[[ Data open ]]

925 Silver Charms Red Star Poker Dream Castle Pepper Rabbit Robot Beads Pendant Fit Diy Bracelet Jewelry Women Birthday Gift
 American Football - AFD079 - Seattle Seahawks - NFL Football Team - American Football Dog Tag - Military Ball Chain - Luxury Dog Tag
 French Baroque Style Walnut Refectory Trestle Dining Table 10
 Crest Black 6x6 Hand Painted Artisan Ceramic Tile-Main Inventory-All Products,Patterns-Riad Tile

[[ Data closed ]]

Task description |
Everything from the first line of the material through the line containing "French Baroque Style" is to be printed exactly; lines after that are to be left out.

Solution for this exercise |
925 Silver Charms Red Star Poker Dream Castle Pepper Rabbit Robot Beads Pendant Fit Diy Bracelet Jewelry Women Birthday Gift
 American Football - AFD079 - Seattle Seahawks - NFL Football Team - American Football Dog Tag - Military Ball Chain - Luxury Dog Tag
 French Baroque Style Walnut Refectory Trestle Dining Table 10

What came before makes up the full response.